→ **Work to complete**
In the entries below, which lines run from the one containing "Asia Pacific Cardiac Pacemaker Market" to the one containing "Teeth Whitening - San Leandro CA.png"? Copy exactly those lines, ends included, and no others.

# # # # # # #

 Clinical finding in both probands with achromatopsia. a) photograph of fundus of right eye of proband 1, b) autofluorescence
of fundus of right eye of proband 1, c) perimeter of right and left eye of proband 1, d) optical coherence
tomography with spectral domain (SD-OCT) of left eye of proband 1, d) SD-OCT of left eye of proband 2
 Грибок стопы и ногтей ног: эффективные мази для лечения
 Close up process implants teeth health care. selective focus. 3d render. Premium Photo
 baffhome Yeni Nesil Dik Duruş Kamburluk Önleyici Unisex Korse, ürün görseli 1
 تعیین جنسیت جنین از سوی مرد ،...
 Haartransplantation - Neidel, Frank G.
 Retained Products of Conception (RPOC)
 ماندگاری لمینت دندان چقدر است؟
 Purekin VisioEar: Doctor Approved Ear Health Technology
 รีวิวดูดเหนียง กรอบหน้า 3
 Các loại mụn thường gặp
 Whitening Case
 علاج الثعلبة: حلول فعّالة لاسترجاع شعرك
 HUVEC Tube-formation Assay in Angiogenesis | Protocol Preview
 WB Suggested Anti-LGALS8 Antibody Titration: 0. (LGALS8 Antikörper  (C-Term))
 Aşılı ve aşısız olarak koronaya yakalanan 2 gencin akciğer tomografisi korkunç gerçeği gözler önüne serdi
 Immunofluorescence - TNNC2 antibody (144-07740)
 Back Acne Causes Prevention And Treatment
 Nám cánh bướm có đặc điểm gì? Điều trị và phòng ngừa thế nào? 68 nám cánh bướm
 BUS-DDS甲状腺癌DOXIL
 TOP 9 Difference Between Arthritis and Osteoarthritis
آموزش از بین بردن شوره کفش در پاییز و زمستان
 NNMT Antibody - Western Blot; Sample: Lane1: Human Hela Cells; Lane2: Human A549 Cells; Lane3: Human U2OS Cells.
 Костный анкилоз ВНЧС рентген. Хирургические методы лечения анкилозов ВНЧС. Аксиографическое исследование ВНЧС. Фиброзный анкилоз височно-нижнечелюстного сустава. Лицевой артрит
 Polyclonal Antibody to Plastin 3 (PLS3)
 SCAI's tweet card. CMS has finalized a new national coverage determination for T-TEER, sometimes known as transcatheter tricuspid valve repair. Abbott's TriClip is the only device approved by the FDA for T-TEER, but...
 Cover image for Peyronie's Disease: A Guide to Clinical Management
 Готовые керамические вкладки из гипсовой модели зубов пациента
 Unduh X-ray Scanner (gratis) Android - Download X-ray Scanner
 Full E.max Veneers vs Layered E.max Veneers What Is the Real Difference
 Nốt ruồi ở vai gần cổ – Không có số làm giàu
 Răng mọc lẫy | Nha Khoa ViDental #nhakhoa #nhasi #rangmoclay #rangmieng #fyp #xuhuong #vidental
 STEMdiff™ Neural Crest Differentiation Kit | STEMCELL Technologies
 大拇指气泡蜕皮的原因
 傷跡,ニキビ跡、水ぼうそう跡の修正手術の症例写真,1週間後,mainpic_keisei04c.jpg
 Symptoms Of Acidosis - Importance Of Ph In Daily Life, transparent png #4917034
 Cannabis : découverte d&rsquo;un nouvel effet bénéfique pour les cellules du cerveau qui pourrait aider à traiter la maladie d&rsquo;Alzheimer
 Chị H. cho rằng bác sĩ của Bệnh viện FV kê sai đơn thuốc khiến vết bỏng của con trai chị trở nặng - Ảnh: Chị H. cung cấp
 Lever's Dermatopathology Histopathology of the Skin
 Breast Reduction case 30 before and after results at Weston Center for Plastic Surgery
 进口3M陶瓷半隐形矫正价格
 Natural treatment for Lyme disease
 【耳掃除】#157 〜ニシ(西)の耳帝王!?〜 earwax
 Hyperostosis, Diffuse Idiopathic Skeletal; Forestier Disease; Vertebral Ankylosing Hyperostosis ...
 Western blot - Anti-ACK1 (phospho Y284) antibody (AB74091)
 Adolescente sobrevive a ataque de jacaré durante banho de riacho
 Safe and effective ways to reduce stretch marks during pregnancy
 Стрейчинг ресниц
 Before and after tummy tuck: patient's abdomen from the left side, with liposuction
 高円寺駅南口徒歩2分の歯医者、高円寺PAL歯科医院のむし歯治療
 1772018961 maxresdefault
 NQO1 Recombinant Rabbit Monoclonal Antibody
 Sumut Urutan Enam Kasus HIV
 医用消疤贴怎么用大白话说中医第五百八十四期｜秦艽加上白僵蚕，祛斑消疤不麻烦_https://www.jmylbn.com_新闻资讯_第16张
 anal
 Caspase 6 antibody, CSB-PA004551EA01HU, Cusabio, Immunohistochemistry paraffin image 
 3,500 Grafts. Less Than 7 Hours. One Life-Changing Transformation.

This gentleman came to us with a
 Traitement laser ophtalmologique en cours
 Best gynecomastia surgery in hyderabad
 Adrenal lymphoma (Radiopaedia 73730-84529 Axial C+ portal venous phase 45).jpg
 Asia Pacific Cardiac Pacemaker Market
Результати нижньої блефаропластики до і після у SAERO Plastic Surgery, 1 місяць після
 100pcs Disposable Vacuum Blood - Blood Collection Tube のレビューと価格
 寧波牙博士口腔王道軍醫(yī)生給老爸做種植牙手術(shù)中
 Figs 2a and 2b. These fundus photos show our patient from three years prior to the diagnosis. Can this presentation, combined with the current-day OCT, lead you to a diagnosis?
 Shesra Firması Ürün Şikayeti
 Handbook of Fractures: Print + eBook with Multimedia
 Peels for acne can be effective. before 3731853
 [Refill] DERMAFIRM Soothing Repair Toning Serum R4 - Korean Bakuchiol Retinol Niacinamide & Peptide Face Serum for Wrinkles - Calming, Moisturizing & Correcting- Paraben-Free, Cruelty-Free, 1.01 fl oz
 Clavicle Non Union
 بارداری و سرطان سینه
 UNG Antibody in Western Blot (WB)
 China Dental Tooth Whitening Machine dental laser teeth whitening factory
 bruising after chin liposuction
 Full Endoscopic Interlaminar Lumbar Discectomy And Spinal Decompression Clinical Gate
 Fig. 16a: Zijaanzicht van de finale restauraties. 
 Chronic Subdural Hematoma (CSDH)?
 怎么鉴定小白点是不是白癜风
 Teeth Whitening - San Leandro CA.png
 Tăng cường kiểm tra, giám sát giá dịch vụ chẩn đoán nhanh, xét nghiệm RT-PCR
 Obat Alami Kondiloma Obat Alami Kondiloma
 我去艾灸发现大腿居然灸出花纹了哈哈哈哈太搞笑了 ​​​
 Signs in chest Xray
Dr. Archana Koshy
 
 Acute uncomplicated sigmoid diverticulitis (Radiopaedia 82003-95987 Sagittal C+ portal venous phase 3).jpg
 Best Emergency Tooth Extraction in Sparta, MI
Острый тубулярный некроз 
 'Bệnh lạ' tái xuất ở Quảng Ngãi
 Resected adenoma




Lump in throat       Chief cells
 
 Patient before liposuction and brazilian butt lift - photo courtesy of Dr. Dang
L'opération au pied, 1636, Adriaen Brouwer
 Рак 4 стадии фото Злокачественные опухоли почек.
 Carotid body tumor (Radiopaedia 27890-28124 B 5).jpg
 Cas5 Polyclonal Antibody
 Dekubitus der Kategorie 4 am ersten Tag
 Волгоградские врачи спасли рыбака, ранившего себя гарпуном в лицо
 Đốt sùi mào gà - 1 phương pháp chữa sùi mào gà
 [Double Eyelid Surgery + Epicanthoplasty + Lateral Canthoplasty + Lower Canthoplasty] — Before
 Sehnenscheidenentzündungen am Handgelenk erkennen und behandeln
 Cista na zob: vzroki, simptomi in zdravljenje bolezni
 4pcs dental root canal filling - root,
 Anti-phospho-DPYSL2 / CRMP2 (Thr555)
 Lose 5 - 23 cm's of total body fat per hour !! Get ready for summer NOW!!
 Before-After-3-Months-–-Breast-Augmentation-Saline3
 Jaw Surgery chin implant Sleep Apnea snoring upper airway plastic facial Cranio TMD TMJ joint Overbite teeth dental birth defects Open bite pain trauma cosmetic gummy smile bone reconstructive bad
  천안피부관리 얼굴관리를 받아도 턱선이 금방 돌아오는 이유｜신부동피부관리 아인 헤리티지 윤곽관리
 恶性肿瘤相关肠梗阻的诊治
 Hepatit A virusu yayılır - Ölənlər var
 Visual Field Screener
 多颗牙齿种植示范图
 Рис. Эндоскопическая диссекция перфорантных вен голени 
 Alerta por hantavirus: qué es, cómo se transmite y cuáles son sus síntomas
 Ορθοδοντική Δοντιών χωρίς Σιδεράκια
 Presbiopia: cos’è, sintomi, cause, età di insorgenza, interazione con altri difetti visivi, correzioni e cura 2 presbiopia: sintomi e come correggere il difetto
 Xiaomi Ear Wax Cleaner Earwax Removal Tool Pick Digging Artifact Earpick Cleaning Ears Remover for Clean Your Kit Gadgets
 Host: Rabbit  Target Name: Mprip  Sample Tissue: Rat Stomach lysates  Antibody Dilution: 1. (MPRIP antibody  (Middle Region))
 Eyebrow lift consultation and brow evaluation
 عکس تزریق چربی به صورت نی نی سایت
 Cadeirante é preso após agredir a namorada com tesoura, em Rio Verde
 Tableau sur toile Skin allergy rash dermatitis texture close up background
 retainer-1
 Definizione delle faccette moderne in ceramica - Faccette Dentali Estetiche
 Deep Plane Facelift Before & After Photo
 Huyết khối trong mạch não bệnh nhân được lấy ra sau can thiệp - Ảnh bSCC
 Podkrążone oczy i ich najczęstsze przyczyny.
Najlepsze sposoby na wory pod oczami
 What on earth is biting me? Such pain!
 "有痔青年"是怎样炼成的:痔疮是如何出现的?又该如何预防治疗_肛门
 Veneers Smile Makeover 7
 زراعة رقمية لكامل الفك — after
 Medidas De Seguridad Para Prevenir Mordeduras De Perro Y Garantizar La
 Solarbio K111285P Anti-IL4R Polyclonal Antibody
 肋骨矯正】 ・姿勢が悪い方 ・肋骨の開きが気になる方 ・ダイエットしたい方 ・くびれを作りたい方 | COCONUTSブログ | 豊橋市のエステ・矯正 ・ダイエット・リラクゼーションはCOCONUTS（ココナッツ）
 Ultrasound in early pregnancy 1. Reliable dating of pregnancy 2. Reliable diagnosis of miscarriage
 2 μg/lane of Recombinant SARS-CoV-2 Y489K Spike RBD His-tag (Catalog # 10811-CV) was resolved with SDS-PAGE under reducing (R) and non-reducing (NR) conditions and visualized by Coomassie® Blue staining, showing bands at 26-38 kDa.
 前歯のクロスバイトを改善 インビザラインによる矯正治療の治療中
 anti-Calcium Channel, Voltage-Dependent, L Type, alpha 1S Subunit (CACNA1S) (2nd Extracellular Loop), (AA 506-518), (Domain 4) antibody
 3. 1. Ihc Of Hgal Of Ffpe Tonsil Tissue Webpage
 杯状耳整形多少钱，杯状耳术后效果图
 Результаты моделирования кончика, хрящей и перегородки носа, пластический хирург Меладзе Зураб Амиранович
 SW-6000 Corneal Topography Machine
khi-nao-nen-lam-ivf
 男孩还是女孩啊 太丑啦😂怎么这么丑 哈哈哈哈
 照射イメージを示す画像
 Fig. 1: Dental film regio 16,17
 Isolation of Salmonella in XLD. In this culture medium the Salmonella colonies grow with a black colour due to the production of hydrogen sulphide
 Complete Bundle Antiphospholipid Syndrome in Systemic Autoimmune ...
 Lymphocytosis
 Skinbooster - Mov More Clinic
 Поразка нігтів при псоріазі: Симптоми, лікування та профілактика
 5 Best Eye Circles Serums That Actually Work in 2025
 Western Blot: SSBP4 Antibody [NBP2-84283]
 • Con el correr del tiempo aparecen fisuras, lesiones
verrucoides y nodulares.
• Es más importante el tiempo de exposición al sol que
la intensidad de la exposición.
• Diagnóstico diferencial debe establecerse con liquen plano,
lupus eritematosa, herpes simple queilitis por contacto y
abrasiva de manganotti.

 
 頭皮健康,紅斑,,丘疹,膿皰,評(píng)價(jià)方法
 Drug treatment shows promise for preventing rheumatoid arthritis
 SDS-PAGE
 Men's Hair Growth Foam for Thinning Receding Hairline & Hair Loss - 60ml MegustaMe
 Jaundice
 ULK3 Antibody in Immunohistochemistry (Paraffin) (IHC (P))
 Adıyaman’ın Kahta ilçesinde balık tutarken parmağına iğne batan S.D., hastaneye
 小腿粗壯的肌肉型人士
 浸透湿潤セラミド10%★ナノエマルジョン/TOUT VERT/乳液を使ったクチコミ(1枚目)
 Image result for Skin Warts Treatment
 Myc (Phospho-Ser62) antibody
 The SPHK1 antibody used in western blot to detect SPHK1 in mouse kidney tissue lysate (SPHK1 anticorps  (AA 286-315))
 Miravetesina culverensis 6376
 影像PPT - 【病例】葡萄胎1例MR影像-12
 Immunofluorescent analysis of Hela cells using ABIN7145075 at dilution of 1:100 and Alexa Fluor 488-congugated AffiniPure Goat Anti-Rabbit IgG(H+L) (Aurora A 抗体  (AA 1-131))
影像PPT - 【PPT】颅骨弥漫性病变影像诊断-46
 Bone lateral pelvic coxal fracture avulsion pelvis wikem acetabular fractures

# # # # # # #

→ **Answer area**
 Asia Pacific Cardiac Pacemaker Market
Результати нижньої блефаропластики до і після у SAERO Plastic Surgery, 1 місяць після
 100pcs Disposable Vacuum Blood - Blood Collection Tube のレビューと価格
 寧波牙博士口腔王道軍醫(yī)生給老爸做種植牙手術(shù)中
 Figs 2a and 2b. These fundus photos show our patient from three years prior to the diagnosis. Can this presentation, combined with the current-day OCT, lead you to a diagnosis?
 Shesra Firması Ürün Şikayeti
 Handbook of Fractures: Print + eBook with Multimedia
 Peels for acne can be effective. before 3731853
 [Refill] DERMAFIRM Soothing Repair Toning Serum R4 - Korean Bakuchiol Retinol Niacinamide & Peptide Face Serum for Wrinkles - Calming, Moisturizing & Correcting- Paraben-Free, Cruelty-Free, 1.01 fl oz
 Clavicle Non Union
 بارداری و سرطان سینه
 UNG Antibody in Western Blot (WB)
 China Dental Tooth Whitening Machine dental laser teeth whitening factory
 bruising after chin liposuction
 Full Endoscopic Interlaminar Lumbar Discectomy And Spinal Decompression Clinical Gate
 Fig. 16a: Zijaanzicht van de finale restauraties. 
 Chronic Subdural Hematoma (CSDH)?
 怎么鉴定小白点是不是白癜风
 Teeth Whitening - San Leandro CA.png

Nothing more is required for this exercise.